Same here @hollydolly .  I scrub them like a mad dishwasher.  Well, all dishes are scrubbed by hand.  My favorite chore.  The kitchen is my favorite room and I love changing the decor.


----------



## Remy (May 25, 2022)

I rinse mine, drink the water and wipe it out with a paper towel which I then re-use for something in the kitchen.
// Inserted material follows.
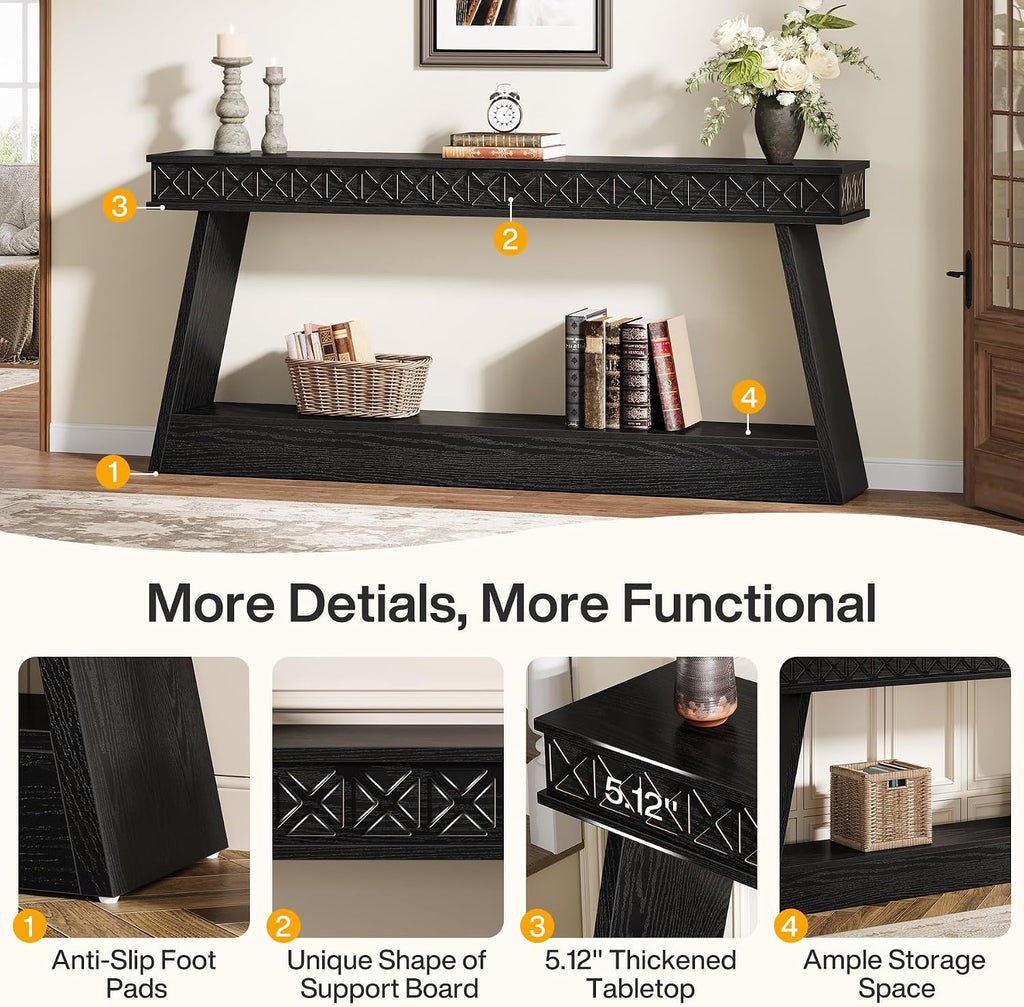 Tribesigns 70.9 Inch Long Console Table for Entryway, 2-Tier Farmhouse Entryway Table with Storage, Narrow Sofa Table Behind the Couch, Wood Accent Table for Hallway, Living Room, Foyer, Black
I'll do this for several days or close to a week, then it's in the dishwasher and I use another mug. Except for one handmade one I bought from Etsy, all my mugs are thrift vintage finds.


----------



## Bella (May 25, 2022)

win231 said:


> As fresh as.........Bella


Lol ... not only am I freshand clean , I smell good, too!


----------



## Jules (May 25, 2022)

@palides2021   What is RO water?


----------



## Em in Ohio (May 25, 2022)

I use a mason jar with lid and stainless steel straw for coffee.  Since I drink microwaved instant coffee day and night, I just rinse it all off and start over again.  About once a week, I'll take steel wool to the stuff to scrape off the residue (just because it looks unsightly on clear glass, not because I'm concerned over health or flavor).  However, when it comes to flatware, I'm a cleaning fiend!  I'll even rewash things in restaurants before using them!


----------



## Em in Ohio (May 25, 2022)

Jules said:


> @palides2021   What is RO water?


Reverse Osmosis:  https://en.wikipedia.org/wiki/Reverse_osmosis

"*Reverse osmosis* (*RO*) is a water purification process that uses a partially permeable membrane to separate ions, unwanted molecules and larger particles from drinking water. In reverse osmosis, an applied pressure is used to overcome osmotic pressure, a colligative property that is driven by chemical potential differences of the solvent, a thermodynamic parameter. Reverse osmosis can remove many types of dissolved and suspended chemical species as well as biological ones (principally bacteria) from water, and is used in both industrial processes and the production of potable water. The result is that the solute is retained on the pressurized side of the membrane and the pure solvent is allowed to pass to the other side. To be "selective", this membrane should not allow large molecules or ions through the pores (holes), but should allow smaller components of the solution (such as solvent molecules, e.g., water, H2O) to pass freely.[1]"  * (I know, too much information!)*


----------



## Tommy (May 26, 2022)

Lawrence said:


> In my military days I spent a few years in the Navy, and it was custom that if you owned your own coffee cup you never washed it out because that built up mass of coffee resins inside the coffee cup made the new coffee you put into it taste a little bit better.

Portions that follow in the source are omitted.